Zimplow, one of the country’s largest manufacturers of agricultural implements for small-scale farmers, says business has declined so much this year that this could be the most difficult year in its 64-year history.
Unit sales for the three months to September were down by 30 percent compared to the same period last year. Exports, on the other hand, grew by 30 percent but the dollar value of the exports was almost “meaningless” because of the unrealistic exchange rate.
The company made a net profit of $7.3 billion during the year ended June but said volumes on the local market had declined by 9 percent. Exports grew by 25 percent but contributed 57 percent of total sales.
The company’s chief executive, Anthony Rowland, said until four years ago, the bulk of the company’s business was local. It was only exporting 25 to 30 percent of its products with the local market consuming the rest.
Ironically, the slump coincided with the government’s concerted land reform exercise which should have been a major boost for the company, but Rowland said while the government had resettled hundreds of people, it had not provided them the means of production.
The emphasis had been on supplying inputs such as seed and fertiliser. The new farmers had been encouraged to use tractor drawn implements instead of tried and tested animal drawn implements which they could afford.

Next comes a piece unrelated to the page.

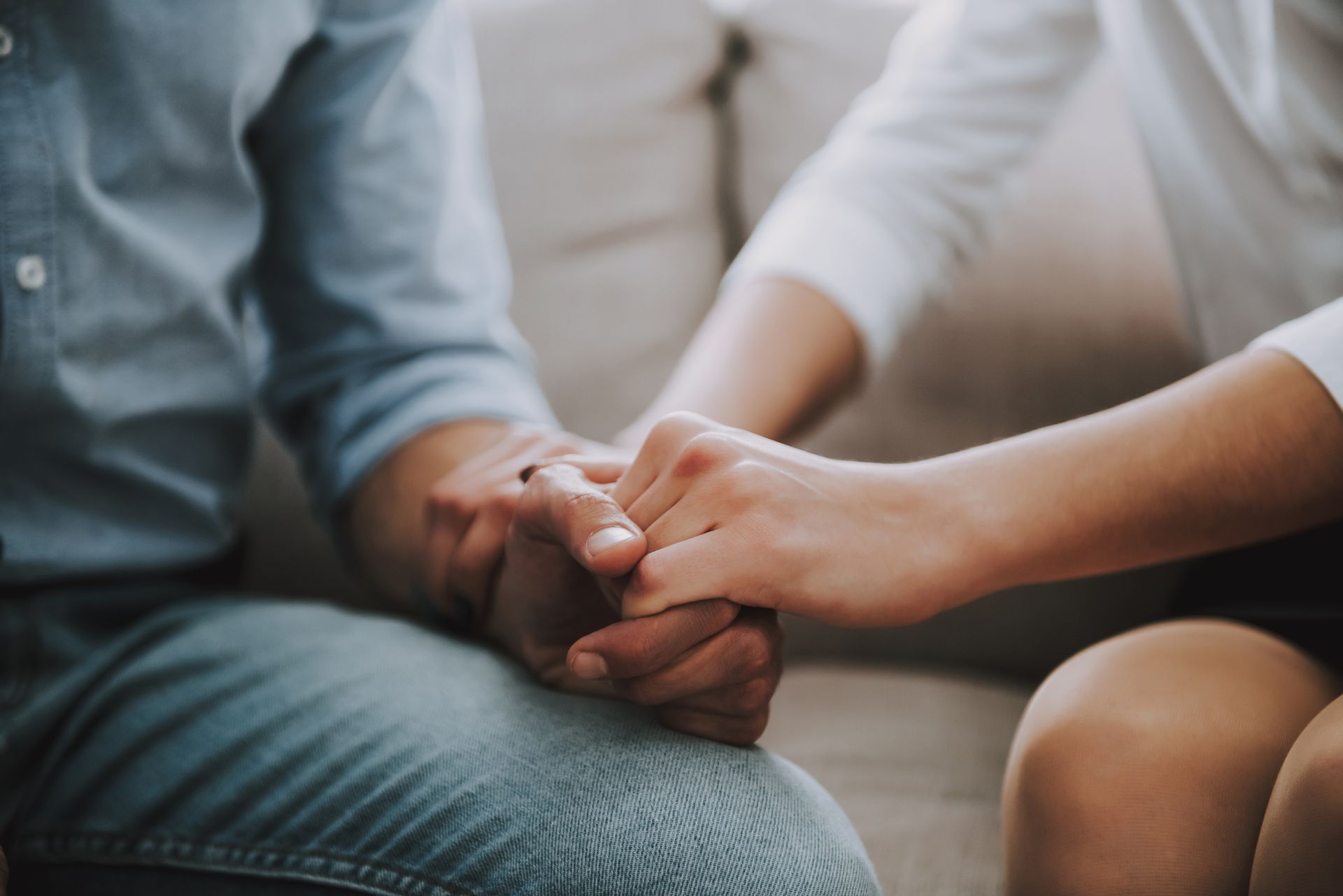 Young couple holding hands in counselling session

“What has happened is that the government has transferred people but not the means. People have to wait for DDF (District Development Fund) tractors to till the land. They cannot afford these tractors so they have to be subsidised by the government.

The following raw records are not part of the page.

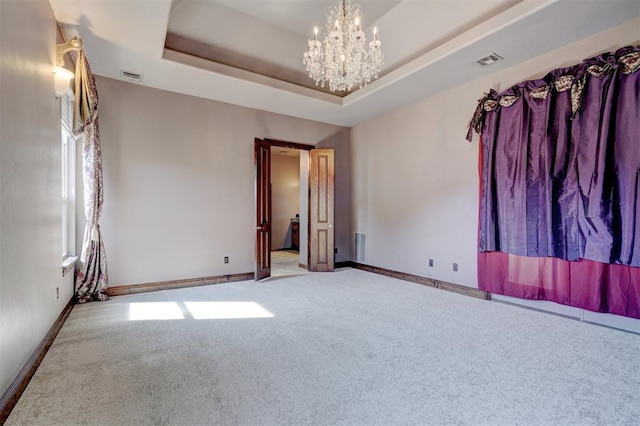 carpeted empty room with a chandelier and a raised ceiling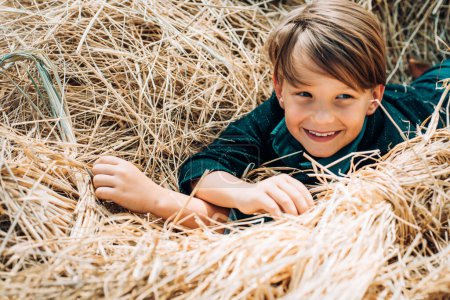 Foto de Lindo niño pequeño sosteniendo la hoja de oro en el fondo de la aldea granja. Niño yace en el heno - Imagen libre de derechos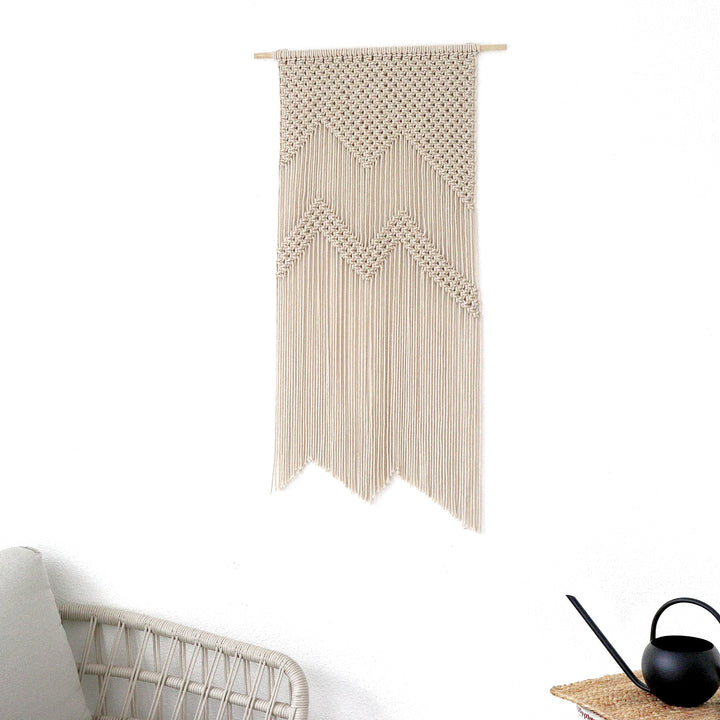 Neutral macrame mountain wall hanging for cozy interiors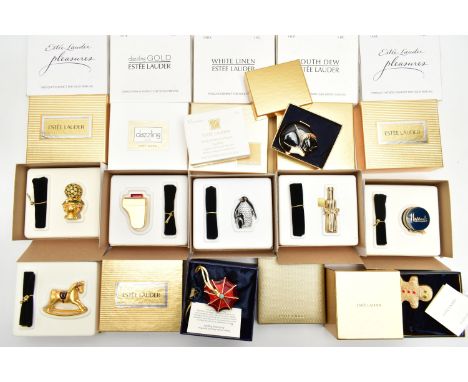 A SELECTION OF EIGHT BOXED COLLECTABLE ESTEE LAUDER SOLD PERFUME BOXES AND ONE BOXED ESTEE LAUDEE COMPACT, the soild perfumes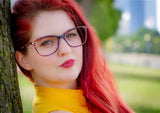 A person with red hair and DEA Preferred BARI eyeglasses, size 60, leans against a tree in the park, wearing a yellow top and looking directly at the camera.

“Africa is ripe for small-scale farming but people have to be properly resourced and trained. People don’t respond to handouts. They want to be self-sufficient like the cotton farmers of Gokwe. They are using simple animal drawn implements yet they produce the bulk of the cotton in the country,” Rowland said.
He said because of the drop in the local market, the company had gradually switched to the export market which now accounted for 60 percent of sales. The only problem now was the exchange rate.

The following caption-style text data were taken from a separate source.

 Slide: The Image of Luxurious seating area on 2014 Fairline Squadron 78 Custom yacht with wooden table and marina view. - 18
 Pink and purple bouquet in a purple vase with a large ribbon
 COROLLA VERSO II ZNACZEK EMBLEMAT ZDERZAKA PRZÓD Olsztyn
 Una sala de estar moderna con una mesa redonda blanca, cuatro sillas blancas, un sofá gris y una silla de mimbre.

Rowland said the “controlled” foreign currency auction system was like a price control because it had not kept pace with inflation. Though year-on-year inflation had dropped from 622 percent at the beginning of the year to 209 percent last month, inflation this year had increased by over 80 percent.
If the exchange rate had kept pace with inflation it should be between $10 500 and $12 000 to the greenback now.
“The exchange rate has to follow the CPI,” Rowland said.
The CPI which stood at 27 714.7 in January had risen to 50 704.8 last month, an increase of 83 percent.
Central bank governor, Gideon Gono, the architect of the current economic reform programme, argued in his monetary review statement last month that the auction was “controlled only to the extent of prioritising beneficial payments, without manipulation of the exchange rate itself”.
He said the bank had invited more than 200 visitors from the diplomatic community, captains of industry and other stakeholders to attend the weekly auctions to “observe and attest the reality of what transpires” at the auction.